Consider Jupiter as an example:
P x P = 11.86 x 11.86 ~ 141
d x d x d = 5.203 x 5.203 x 5.203 ~ 141
What About Speeds?
Mathematical analysis reveals that the speed of a
planet depends on the square root of the distance
from the Sun (no need to memorize this!). Thus:
…a planet 4 x farther from the Sun than the Earth (rather like Jupiter!)
moves around its orbit at 1/2 the Earth’s speed
..a planet 9x farther out than the Earth (rather like Saturn!) moves
around its orbit at 1/3 of the Earth’s speed
..a planet 36x farther out than the Earth (rather like Pluto!) moves
around its orbit at 1/6 of the Earth’s speed - very slowly indeed
The Profound Importance
You do not need to know the precise form of this simple
dependence. The important point is that it exists, that
there is some fundamental relationship -- and presumably
a physical law that drives this.
Moreover, it implies predictability: if we find a new object
orbiting the Sun, we can work out its distance by
determining its orbital period (or vice versa). And we can
predict exactly how spacecraft will move, once in orbit.

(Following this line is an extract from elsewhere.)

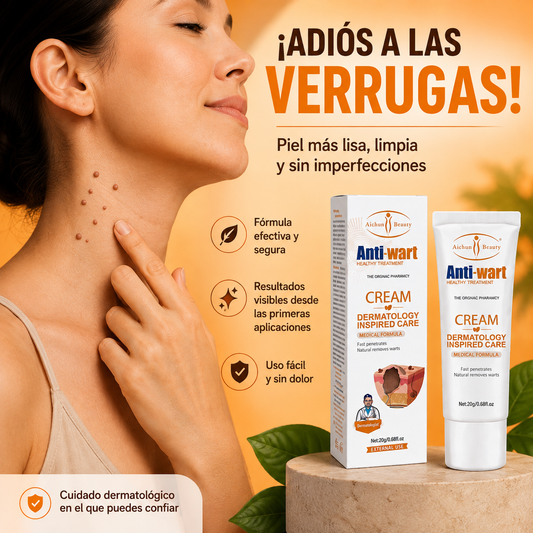 Crema Quita Verrugas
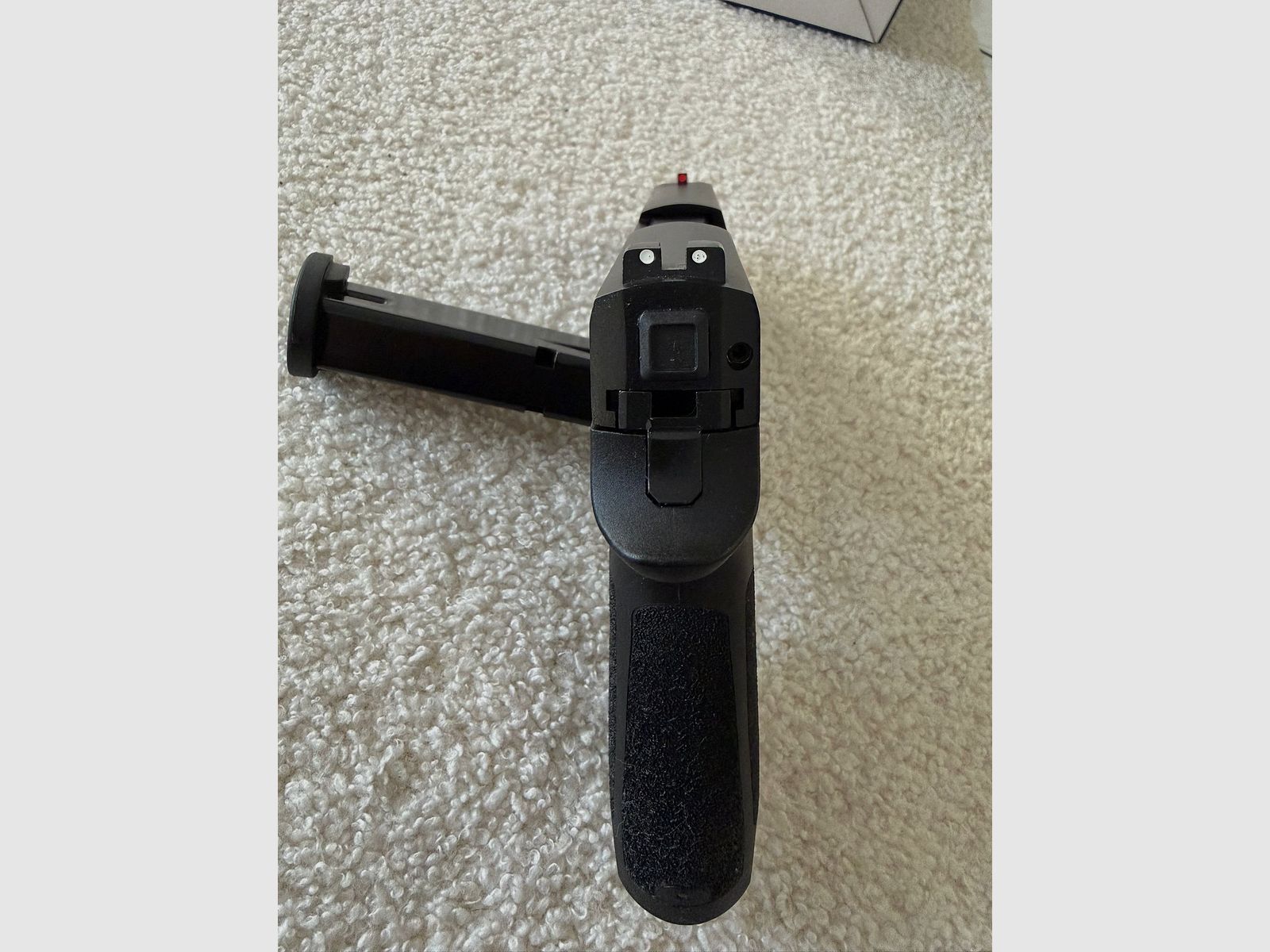 Pistola de alarma Sig Sauer P320 calibre 9mm P.A.K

The Keplerian Solar System
In the end, Kepler knew the shapes and relative sizes of all
the planetary orbits all the way out to Saturn, as shown
here:
Remember: to him the planets were merely moving dots
of light: he had no telescopes, no images.
Nor did he know the actual true size of the Solar System.
So Much for Science!
Now Meet Kepler the Mystic
He asked: Why are there exactly six planets?
(Mercury, Venus, Earth, Mars, Jupiter, Saturn)
(Of course, we now know that there are more!!)
He came up with an ‘explanation.’
Regular Polyhedra
These are solids that have all faces exactly the
same. (For example, a cube has six identical
faces, each one a square.) There are only five
such solids.
Now imagine making
one of each, but of
different sizes, and
‘packing them’ one inside
another in various orders.
Packing Them Together
Kepler thought that this must
explain the spacing and number
of the planets – and was very
proud of this ‘discovery!’
Here is a link to a nice actor’s
rendition of Kepler himself
visualizing this ‘breakthrough’:
http://vimeo.com/44788828
Second: Music of the Spheres
Since the time of Pythagoras,
who studied stretched strings,
we have known that musical
notes are caused by vibrations,
and that higher frequencies
(more rapid vibrations)
create higher-pitched notes.
Here’s a link to a brief film of real vibrating guitar strings:
http://www.youtube.com/watch?v=ttgLyWFINJI
Kepler’s Interpretation
Kepler reasoned that since
the planets orbit the Sun at
different and varying rates
and frequencies, they must
produce “Music of the
Spheres.”
(Galileo, a real scientist, had
no patience with this!)
Something Essential is Still Missing
1. We Still Need Proof
Kepler had assumed the Sun was the center, and
derived some pleasingly simple behavioural laws. But
can we somehow prove that the Earth and planets are
truly orbiting the Sun?
2. Where’s the Physics?
What makes the planets move the way they do?
What are the Laws of Nature that govern the motions?
The answers were to come from Galileo and Newton.